# Prp rejected



## Aristote (Jan 21, 2020)

I submitted my PRP ON THE 06 February 2018. Two years down the line, Today I got my outcome (21 January 2020) my application is rejected with the following reason.

" YOUR APPLICATION DID NOT CONTAIN ALL THE PRESCRIBED REQUIREMENTS. YOU FAILED TO SUBMIT PROOF OF 5 YEARS SPOUSAL RELATIONSHIP WITH YOUR PURPORTED SPOUSE AND PROOF OF COHABITATION AND SHARED FINANCIAL RESPONSIBILITIES IN THE FORM OF MUNICIPAL ACCOUNT OR ANY OTHER DOCUMENTARY PROOF REFLECTING YOUR NAMES AND YOUR SOUTH AFRICAN LIFE PARTNER. THE EXTENTS TO WHICH RELATED FINANCIAL RESPONSIBILITIES ARE SHARED BY THE PARTIES ARE NOT DEFINED . YOU THEREFORE DO NOT QUALIFY FOR PERMANENT RESIDENCE IN TERMS OF SECTION 26(b) OF THE IMMIGRATION ACT"

I submitted all the required documents with my application and these include:
- Our bank statements
- Notarial AGREEMENT showing that we have been together for more that ten years with a declaration signed by both of us stating that we are supporting each other and our children; financially, emotionally and physically. We are still together wit my partner and i need advise on how we can prove that we are together please advise.


----------



## Aristote (Jan 21, 2020)

*Prp rejection*

Guys please assist me if you can.


----------



## jollem (Nov 9, 2016)

I think what you might have missed is the proof of shared financial responsibility. If you are the only one who works and is therefore responsible for the financial responsibility you say so. But you need some proof of financial support for her e.g. if you have a policy in which she is the beneficiary.

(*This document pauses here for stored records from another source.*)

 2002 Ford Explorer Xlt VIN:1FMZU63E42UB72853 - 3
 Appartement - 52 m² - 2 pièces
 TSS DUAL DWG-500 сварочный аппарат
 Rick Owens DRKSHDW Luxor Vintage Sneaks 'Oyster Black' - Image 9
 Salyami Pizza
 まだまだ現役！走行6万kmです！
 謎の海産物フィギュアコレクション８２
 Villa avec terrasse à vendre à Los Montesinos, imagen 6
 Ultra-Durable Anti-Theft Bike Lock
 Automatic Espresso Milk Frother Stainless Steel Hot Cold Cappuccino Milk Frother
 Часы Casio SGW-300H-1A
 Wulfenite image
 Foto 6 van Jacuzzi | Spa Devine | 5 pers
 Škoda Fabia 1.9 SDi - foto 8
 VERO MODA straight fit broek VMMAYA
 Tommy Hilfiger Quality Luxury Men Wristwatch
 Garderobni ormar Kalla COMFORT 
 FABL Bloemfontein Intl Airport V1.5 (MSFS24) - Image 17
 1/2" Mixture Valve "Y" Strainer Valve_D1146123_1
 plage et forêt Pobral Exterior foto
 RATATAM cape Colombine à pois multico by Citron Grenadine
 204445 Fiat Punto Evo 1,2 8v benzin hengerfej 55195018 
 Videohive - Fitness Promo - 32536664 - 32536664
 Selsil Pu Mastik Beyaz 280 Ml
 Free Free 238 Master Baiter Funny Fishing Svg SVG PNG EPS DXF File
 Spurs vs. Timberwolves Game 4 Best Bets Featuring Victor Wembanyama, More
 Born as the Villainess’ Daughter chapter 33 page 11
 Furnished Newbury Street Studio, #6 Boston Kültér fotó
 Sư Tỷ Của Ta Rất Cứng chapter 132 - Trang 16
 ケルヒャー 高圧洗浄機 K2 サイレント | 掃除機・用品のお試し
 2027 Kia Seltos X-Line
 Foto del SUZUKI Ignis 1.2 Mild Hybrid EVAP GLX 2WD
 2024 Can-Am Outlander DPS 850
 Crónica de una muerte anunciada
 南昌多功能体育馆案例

On the proof of 5 years relationship is is their mistake as the Notarial Agreement is that proof. 
You need to appeal and in your appeal motivation break down those reason they have given into bullet points and respond to each one individually.


----------



## Aristote (Jan 21, 2020)

*Prp rejection*

Thank you Jollem.


----------